• _Assigned task_:
Starting with the line that contains "KIYおかえり～ 海水浴がてら入水だって！", copy every line through the end of the listing, exactly and only those. No pictures should appear in the copy.

• _Dataset section_:
>>>>>
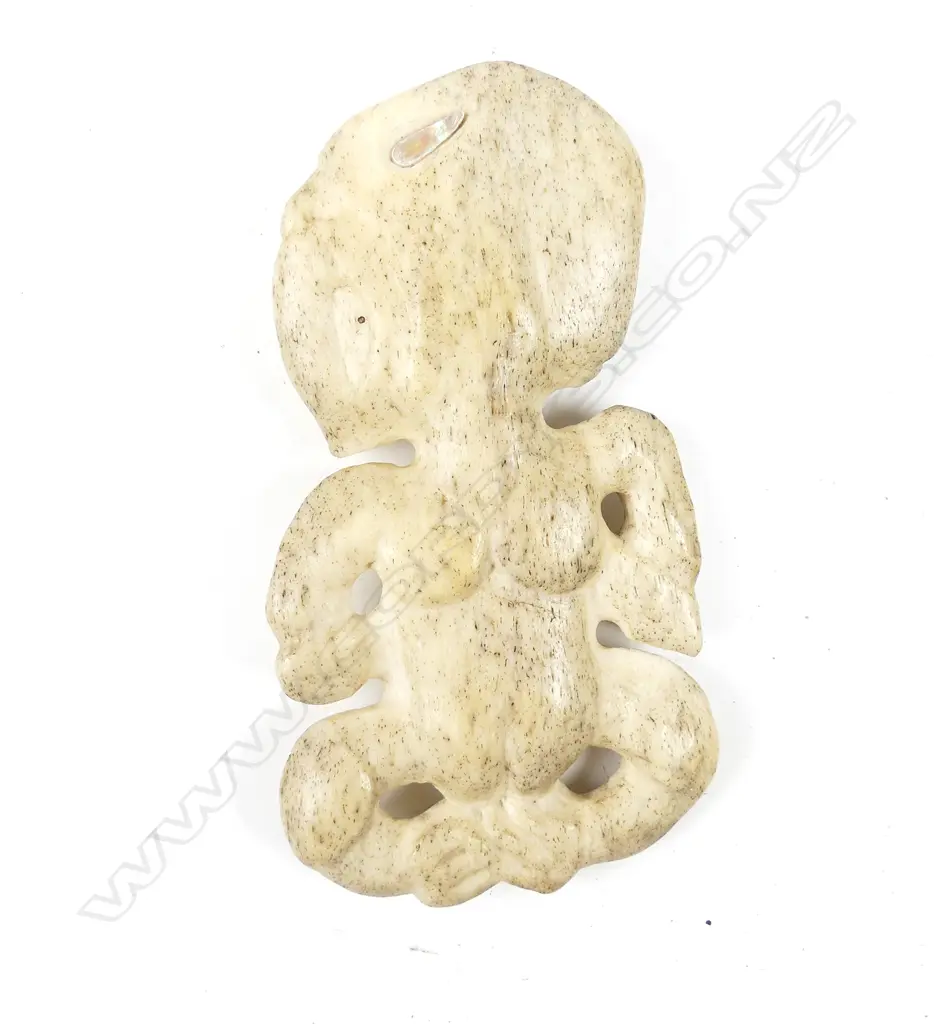 Ian McMillan carved whalebone hei tiki Image 1++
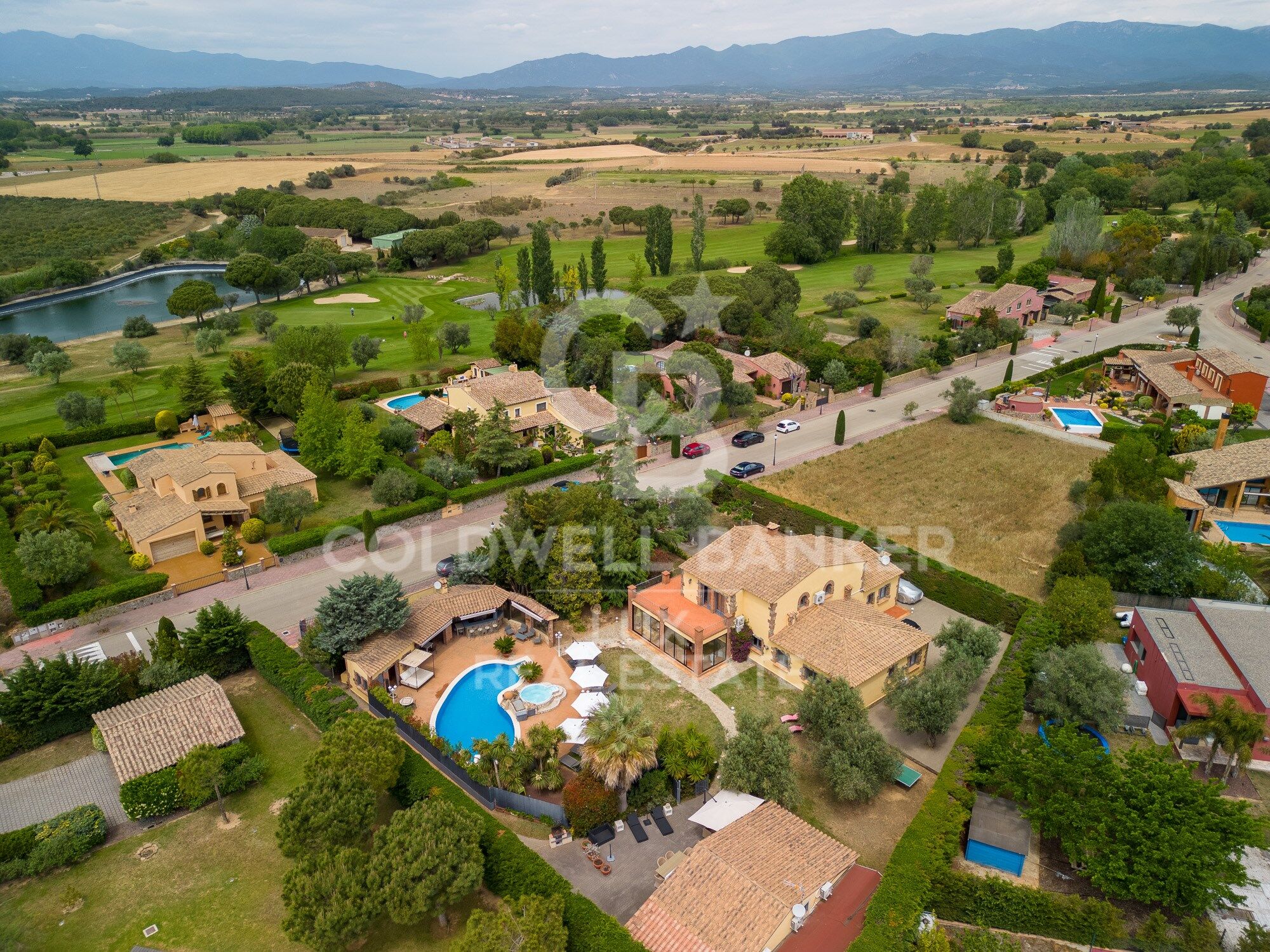 High standing villa with tourist licence in the Golf de Peralada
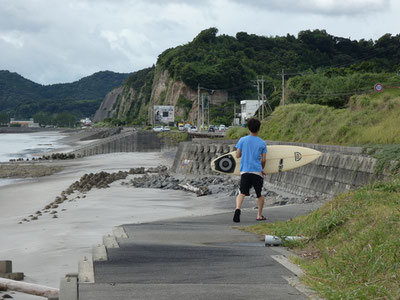 KIYおかえり～ 海水浴がてら入水だって！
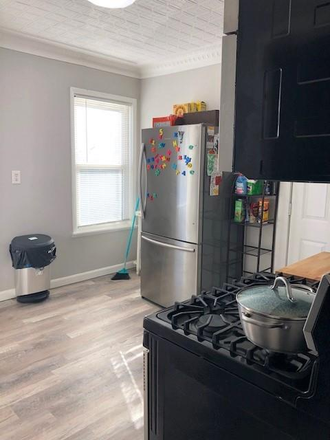 kitchen - 2 bed near Blackstone Blvd in Oak Hill neighborhood Pawtucket Apartments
<<<<<
• _Task output_:
 KIYおかえり～ 海水浴がてら入水だって！
 kitchen - 2 bed near Blackstone Blvd in Oak Hill neighborhood Pawtucket Apartments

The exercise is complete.